## Task brief:
Write out the following records exactly, each one in full.

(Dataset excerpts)

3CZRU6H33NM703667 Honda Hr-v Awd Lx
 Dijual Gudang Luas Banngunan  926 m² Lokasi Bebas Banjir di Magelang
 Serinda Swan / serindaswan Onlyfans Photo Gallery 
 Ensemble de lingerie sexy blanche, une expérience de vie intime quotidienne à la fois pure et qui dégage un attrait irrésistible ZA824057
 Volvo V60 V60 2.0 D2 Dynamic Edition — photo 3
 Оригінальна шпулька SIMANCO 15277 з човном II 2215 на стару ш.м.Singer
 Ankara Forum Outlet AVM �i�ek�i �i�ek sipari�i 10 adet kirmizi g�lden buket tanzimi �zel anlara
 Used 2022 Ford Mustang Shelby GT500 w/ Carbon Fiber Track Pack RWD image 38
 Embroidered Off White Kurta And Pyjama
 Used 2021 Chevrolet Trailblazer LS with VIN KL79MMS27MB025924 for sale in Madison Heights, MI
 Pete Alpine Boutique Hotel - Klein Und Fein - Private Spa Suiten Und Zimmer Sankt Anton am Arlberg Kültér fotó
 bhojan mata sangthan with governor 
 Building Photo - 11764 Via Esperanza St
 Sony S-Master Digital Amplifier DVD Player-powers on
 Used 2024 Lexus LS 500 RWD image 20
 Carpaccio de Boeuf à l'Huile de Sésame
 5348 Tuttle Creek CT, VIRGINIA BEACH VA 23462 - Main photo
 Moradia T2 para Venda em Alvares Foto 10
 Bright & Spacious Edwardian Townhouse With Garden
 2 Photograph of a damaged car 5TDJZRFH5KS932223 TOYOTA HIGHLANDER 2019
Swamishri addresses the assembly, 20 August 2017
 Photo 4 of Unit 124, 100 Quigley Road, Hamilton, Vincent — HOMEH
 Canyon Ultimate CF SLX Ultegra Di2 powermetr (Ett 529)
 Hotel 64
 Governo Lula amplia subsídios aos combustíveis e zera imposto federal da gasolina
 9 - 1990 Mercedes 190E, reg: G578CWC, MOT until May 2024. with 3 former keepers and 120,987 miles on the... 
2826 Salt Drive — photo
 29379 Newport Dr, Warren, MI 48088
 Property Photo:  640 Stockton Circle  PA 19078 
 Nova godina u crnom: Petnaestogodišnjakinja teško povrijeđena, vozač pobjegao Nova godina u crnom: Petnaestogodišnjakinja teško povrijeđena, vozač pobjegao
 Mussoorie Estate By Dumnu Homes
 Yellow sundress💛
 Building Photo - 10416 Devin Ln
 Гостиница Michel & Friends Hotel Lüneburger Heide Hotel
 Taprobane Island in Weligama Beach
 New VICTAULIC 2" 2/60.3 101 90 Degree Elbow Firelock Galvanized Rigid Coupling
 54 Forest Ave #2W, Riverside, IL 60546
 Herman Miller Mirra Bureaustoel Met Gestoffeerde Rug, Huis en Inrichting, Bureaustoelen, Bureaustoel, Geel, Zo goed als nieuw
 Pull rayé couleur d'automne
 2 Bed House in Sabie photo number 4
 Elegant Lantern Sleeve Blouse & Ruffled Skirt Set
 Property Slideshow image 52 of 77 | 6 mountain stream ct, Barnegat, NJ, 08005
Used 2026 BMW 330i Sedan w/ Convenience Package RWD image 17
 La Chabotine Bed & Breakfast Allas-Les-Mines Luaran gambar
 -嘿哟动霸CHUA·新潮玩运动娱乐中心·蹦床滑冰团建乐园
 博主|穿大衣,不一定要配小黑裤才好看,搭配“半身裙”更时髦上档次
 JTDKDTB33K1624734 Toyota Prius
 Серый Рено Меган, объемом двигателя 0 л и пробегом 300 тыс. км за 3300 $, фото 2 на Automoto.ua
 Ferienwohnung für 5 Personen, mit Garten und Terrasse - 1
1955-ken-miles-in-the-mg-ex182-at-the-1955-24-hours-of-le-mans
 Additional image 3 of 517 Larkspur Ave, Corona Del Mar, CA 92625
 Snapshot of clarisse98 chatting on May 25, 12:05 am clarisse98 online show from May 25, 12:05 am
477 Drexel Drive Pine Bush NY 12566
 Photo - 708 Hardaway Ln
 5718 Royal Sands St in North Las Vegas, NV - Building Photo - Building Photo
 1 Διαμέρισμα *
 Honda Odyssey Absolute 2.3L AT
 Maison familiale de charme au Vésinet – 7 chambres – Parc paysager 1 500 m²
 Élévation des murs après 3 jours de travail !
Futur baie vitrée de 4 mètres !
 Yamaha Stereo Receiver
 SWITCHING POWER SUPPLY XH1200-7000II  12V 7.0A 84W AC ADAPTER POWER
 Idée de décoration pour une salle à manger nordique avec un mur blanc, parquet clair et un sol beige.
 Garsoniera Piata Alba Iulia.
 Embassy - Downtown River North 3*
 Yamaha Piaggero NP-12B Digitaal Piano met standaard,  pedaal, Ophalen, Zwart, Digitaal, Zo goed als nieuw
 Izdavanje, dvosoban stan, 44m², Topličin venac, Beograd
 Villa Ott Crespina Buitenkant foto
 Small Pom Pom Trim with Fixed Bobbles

## Exercise result:
3CZRU6H33NM703667 Honda Hr-v Awd Lx
 Dijual Gudang Luas Banngunan  926 m² Lokasi Bebas Banjir di Magelang
 Serinda Swan / serindaswan Onlyfans Photo Gallery 
 Ensemble de lingerie sexy blanche, une expérience de vie intime quotidienne à la fois pure et qui dégage un attrait irrésistible ZA824057
 Volvo V60 V60 2.0 D2 Dynamic Edition — photo 3
 Оригінальна шпулька SIMANCO 15277 з човном II 2215 на стару ш.м.Singer
 Ankara Forum Outlet AVM �i�ek�i �i�ek sipari�i 10 adet kirmizi g�lden buket tanzimi �zel anlara
 Used 2022 Ford Mustang Shelby GT500 w/ Carbon Fiber Track Pack RWD image 38
 Embroidered Off White Kurta And Pyjama
 Used 2021 Chevrolet Trailblazer LS with VIN KL79MMS27MB025924 for sale in Madison Heights, MI
 Pete Alpine Boutique Hotel - Klein Und Fein - Private Spa Suiten Und Zimmer Sankt Anton am Arlberg Kültér fotó
 bhojan mata sangthan with governor 
 Building Photo - 11764 Via Esperanza St
 Sony S-Master Digital Amplifier DVD Player-powers on
 Used 2024 Lexus LS 500 RWD image 20
 Carpaccio de Boeuf à l'Huile de Sésame
 5348 Tuttle Creek CT, VIRGINIA BEACH VA 23462 - Main photo
 Moradia T2 para Venda em Alvares Foto 10
 Bright & Spacious Edwardian Townhouse With Garden
 2 Photograph of a damaged car 5TDJZRFH5KS932223 TOYOTA HIGHLANDER 2019
Swamishri addresses the assembly, 20 August 2017
 Photo 4 of Unit 124, 100 Quigley Road, Hamilton, Vincent — HOMEH
 Canyon Ultimate CF SLX Ultegra Di2 powermetr (Ett 529)
 Hotel 64
 Governo Lula amplia subsídios aos combustíveis e zera imposto federal da gasolina
 9 - 1990 Mercedes 190E, reg: G578CWC, MOT until May 2024. with 3 former keepers and 120,987 miles on the... 
2826 Salt Drive — photo
 29379 Newport Dr, Warren, MI 48088
 Property Photo:  640 Stockton Circle  PA 19078 
 Nova godina u crnom: Petnaestogodišnjakinja teško povrijeđena, vozač pobjegao Nova godina u crnom: Petnaestogodišnjakinja teško povrijeđena, vozač pobjegao
 Mussoorie Estate By Dumnu Homes
 Yellow sundress💛
 Building Photo - 10416 Devin Ln
 Гостиница Michel & Friends Hotel Lüneburger Heide Hotel
 Taprobane Island in Weligama Beach
 New VICTAULIC 2" 2/60.3 101 90 Degree Elbow Firelock Galvanized Rigid Coupling
 54 Forest Ave #2W, Riverside, IL 60546
 Herman Miller Mirra Bureaustoel Met Gestoffeerde Rug, Huis en Inrichting, Bureaustoelen, Bureaustoel, Geel, Zo goed als nieuw
 Pull rayé couleur d'automne
 2 Bed House in Sabie photo number 4
 Elegant Lantern Sleeve Blouse & Ruffled Skirt Set
 Property Slideshow image 52 of 77 | 6 mountain stream ct, Barnegat, NJ, 08005
Used 2026 BMW 330i Sedan w/ Convenience Package RWD image 17
 La Chabotine Bed & Breakfast Allas-Les-Mines Luaran gambar
 -嘿哟动霸CHUA·新潮玩运动娱乐中心·蹦床滑冰团建乐园
 博主|穿大衣,不一定要配小黑裤才好看,搭配“半身裙”更时髦上档次
 JTDKDTB33K1624734 Toyota Prius
 Серый Рено Меган, объемом двигателя 0 л и пробегом 300 тыс. км за 3300 $, фото 2 на Automoto.ua
 Ferienwohnung für 5 Personen, mit Garten und Terrasse - 1
1955-ken-miles-in-the-mg-ex182-at-the-1955-24-hours-of-le-mans
 Additional image 3 of 517 Larkspur Ave, Corona Del Mar, CA 92625
 Snapshot of clarisse98 chatting on May 25, 12:05 am clarisse98 online show from May 25, 12:05 am
477 Drexel Drive Pine Bush NY 12566
 Photo - 708 Hardaway Ln
 5718 Royal Sands St in North Las Vegas, NV - Building Photo - Building Photo
 1 Διαμέρισμα *
 Honda Odyssey Absolute 2.3L AT
 Maison familiale de charme au Vésinet – 7 chambres – Parc paysager 1 500 m²
 Élévation des murs après 3 jours de travail !
Futur baie vitrée de 4 mètres !
 Yamaha Stereo Receiver
 SWITCHING POWER SUPPLY XH1200-7000II  12V 7.0A 84W AC ADAPTER POWER
 Idée de décoration pour une salle à manger nordique avec un mur blanc, parquet clair et un sol beige.
 Garsoniera Piata Alba Iulia.
 Embassy - Downtown River North 3*
 Yamaha Piaggero NP-12B Digitaal Piano met standaard,  pedaal, Ophalen, Zwart, Digitaal, Zo goed als nieuw
 Izdavanje, dvosoban stan, 44m², Topličin venac, Beograd
 Villa Ott Crespina Buitenkant foto
 Small Pom Pom Trim with Fixed Bobbles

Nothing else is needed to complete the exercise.